Se acerca á sus estantes, hace sitio en la mesa, trae un rimero de libros gruesos, en medio folio. Empieza á volver hojas. Los grabados, sin arte, sencillos en su impudor, atraen y repelen á la vez la mirada. La explicación, sin bordados, escueta, grave, es el complemento, la clave de las figuras. Bascas y salivación me revelan el sufrimiento íntimo; el médico, á la altura de las circunstancias, sin malicia, sin falsos reparos, enseña, señala, insiste, cuando lee en mis turbias pupilas que no he comprendido.
A veces, la repulsión me hace palidecer tanto, que interrumpe, me da un respiro y me abanica con un número de periódico...
¡Qué vacunación de horror! Lo que más me sorprende es la monotonía de todo. ¡Qué líneas tan graciosas y variadas ofrece un catálogo de plantas, conchas ó cristalizaciones! Aquí, la idea de la armonía del plan divino, las elegancias naturales, en que el arte se inspira, desaparecen. Las formas son grotescas, viles, zamborotudas. Diríase que proclaman la ignominia de las necesidades... ¿Necesidades? Miserias...

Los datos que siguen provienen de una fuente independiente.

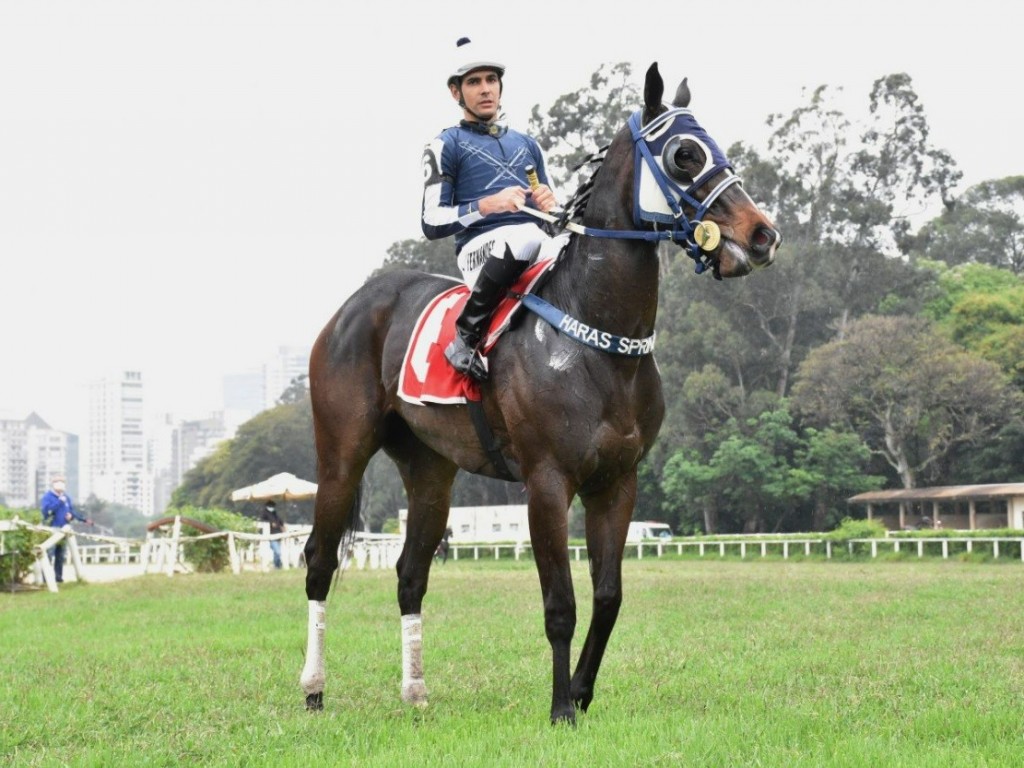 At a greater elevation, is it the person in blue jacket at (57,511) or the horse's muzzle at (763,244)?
the horse's muzzle at (763,244)

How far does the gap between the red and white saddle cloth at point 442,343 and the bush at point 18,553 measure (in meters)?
14.8

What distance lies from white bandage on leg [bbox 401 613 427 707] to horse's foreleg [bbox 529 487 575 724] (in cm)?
122

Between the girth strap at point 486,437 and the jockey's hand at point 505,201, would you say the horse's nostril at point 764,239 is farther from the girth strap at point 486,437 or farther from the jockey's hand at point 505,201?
the girth strap at point 486,437

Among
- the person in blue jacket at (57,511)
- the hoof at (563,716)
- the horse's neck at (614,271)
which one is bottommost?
the hoof at (563,716)

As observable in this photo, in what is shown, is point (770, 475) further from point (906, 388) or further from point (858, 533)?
point (858, 533)

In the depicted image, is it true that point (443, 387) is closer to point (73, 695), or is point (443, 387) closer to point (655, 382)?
point (655, 382)

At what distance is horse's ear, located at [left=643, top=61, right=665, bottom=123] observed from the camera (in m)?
6.03

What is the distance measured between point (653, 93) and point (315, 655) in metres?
3.74

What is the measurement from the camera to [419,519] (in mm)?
7781

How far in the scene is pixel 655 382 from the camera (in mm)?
6355

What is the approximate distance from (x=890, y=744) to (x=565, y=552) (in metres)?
1.72

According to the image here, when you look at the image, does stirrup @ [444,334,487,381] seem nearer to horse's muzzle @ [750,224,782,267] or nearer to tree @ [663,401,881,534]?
horse's muzzle @ [750,224,782,267]

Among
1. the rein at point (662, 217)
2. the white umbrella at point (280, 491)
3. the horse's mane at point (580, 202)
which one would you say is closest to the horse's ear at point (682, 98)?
the rein at point (662, 217)

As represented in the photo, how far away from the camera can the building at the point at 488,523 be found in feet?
181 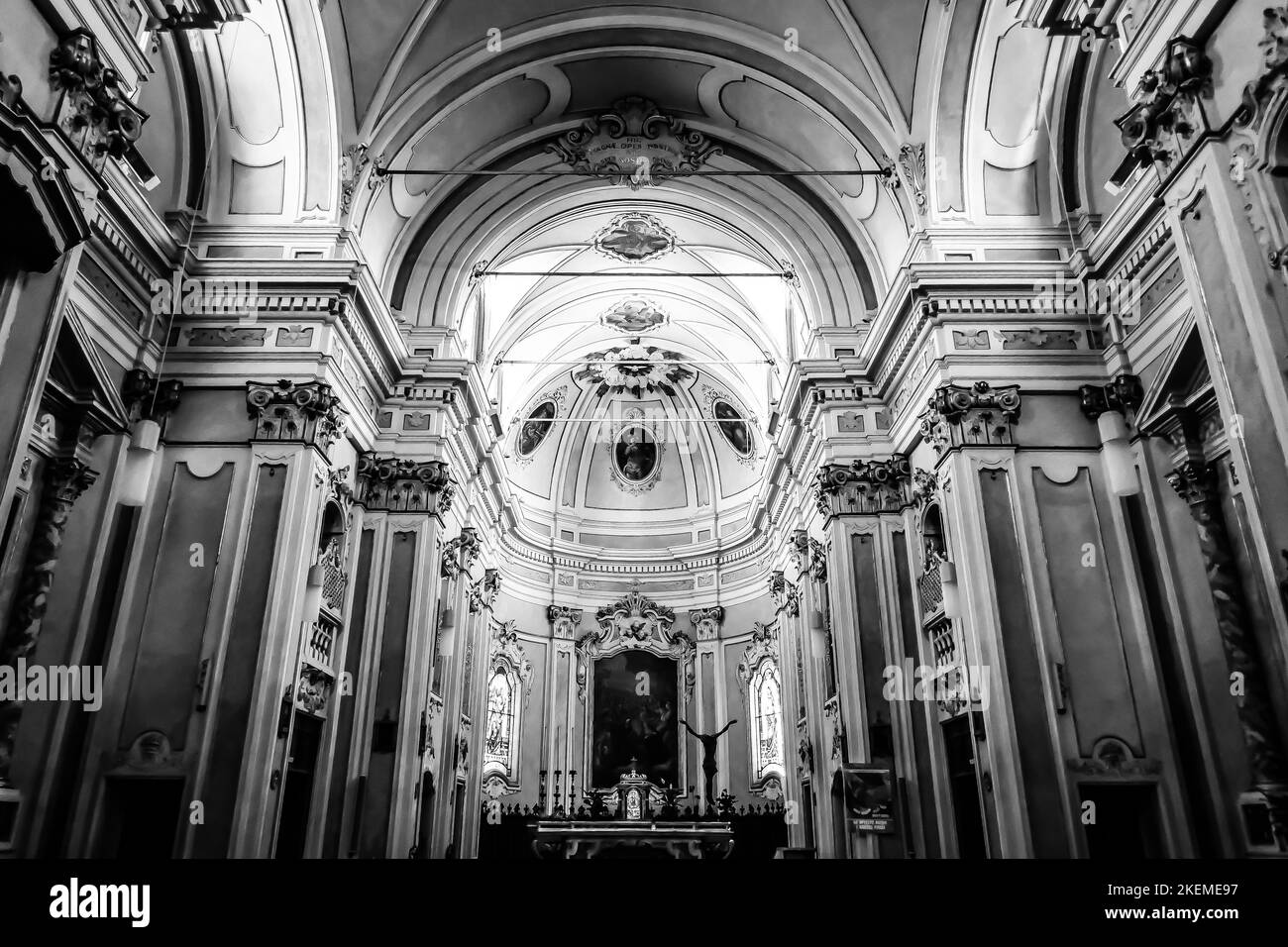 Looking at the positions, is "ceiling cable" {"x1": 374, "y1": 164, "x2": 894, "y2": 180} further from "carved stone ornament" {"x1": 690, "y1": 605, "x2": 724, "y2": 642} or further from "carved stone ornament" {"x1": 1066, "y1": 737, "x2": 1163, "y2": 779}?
"carved stone ornament" {"x1": 690, "y1": 605, "x2": 724, "y2": 642}

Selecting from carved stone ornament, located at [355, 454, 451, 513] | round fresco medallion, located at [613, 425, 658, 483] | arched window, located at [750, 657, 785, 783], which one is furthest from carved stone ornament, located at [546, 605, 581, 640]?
carved stone ornament, located at [355, 454, 451, 513]

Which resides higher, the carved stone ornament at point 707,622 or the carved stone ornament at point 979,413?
the carved stone ornament at point 707,622

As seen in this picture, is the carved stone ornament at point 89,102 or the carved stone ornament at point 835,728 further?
the carved stone ornament at point 835,728

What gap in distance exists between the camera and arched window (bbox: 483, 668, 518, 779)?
64.9ft

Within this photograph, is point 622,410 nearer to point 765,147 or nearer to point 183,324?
point 765,147

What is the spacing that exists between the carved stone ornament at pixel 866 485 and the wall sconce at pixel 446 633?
600cm

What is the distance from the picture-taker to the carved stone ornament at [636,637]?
22000mm

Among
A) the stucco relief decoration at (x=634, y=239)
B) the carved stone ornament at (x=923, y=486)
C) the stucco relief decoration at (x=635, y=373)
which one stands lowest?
the carved stone ornament at (x=923, y=486)

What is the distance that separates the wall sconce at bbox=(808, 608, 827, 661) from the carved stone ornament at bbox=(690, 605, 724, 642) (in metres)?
7.94

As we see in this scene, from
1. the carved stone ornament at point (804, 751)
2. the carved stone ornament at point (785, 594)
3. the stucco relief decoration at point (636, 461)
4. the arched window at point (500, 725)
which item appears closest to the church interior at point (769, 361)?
the carved stone ornament at point (804, 751)

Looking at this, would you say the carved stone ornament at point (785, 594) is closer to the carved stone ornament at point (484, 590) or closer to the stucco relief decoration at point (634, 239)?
the carved stone ornament at point (484, 590)

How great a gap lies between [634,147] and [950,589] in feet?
27.2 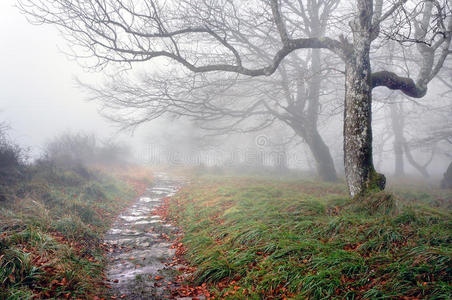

—Siento náuseas—suspiro al fin. ¿Á dónde cae esta ventana, doctor?
—A un patio interior... No soy rico... Mi sueño sería tener un jardín del tamaño de un pañuelo... Espere usted, abriremos la puerta...
De mi saco de malla entretejida con diamantitos, extraigo el frasco de oro y cristal de las sales. Respiro.
—Adelante... El mal camino, andarlo pronto...
—Creo, señorita, que está usted haciendo una locura. Tengo escrúpulos.
—Adelante he dicho... No va usted á dejarme á la mitad de la cuesta.
Y me acerco al libro, rozando el brazo de este hombre que no es viejo, ni antipático, y con el cual me siento tan segura, como pudiera estarlo en compañía del sepulturero.